# Converting a sleeper sofa to storage



## wydors (Oct 27, 2011)

I have a large sleeper sofa (~3'x7') that I am about to reupholster. I believe the sleeper is a queen size. The seat cushion that sits atop the folded sleeper is one large cushion. The couch is extremely comfortable but the sleeper is not. I would really like to convert this to a storage couch while I am in the process of redoing it anyway.

I initially thought that I would just build some storage boxes from plywood and set them inside the couch frame. However, I stuck a piece of plywood under the seat cushion and sat on it for a bit. The results were less than desirable.

So, now my thought is to attach a frame to the interior of the couch frame and have material to make up the sides and backs of the storage area - more like a laundry basket than a storage box. For the top, I am considering a wooden frame (the closest thing I can resemble this too is an old screen door) with upholstery webbing to make up the top. I am a bit concerned that this design will not withstand the weight of 3 or 4 people sitting on the couch at once. After researching wood strength, I am thinking about using 1"x3" red oak boards for the frame.

I hope this all makes sense. I fear that I am not very good at describing what is in my head.

My internet search turned up two things - the wooden box idea and "don't even bother". I'm stubborn and really want to try this, but I don't want to waste my time or the money that the tools and supplies will cost if my plan doesn't work.

Would this design work? Will it withstand 700 pounds? If you think it will work, any suggestions on what to build the frame out of?

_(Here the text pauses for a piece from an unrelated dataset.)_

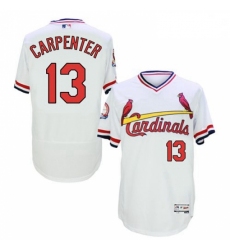 Mens Majestic St Louis Cardinals 13 Matt Carpenter White Flexbase Authentic Collection Cooperstown MLB Jersey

I would appreciate any advice that anyone here has. You have certainly helped me with my other wood projects. 

Thanks!


----------



## woodnthings (Jan 24, 2009)

*plywood vs a suspension frame*

You'll never get as much squish from a flat plywood top on a storage box as from the spring or webbing frame of the original couch., however, you can use an additional layer of "green" foam from JoAnn's fabrics in between. It can be all one piece from right to left and either 2" or 3" thick. It is quite comfortable just by itself. 
I recovered some Mission style chairs in the original leather using only the new foam and no webbing and they are firm, but comfortable. 
The gaps in between the boxes and frame ends would be minimized if you ran the plywood tops out a bit to bridge the gaps. Post a photo of the guts of the couch showing the frame etc....


----------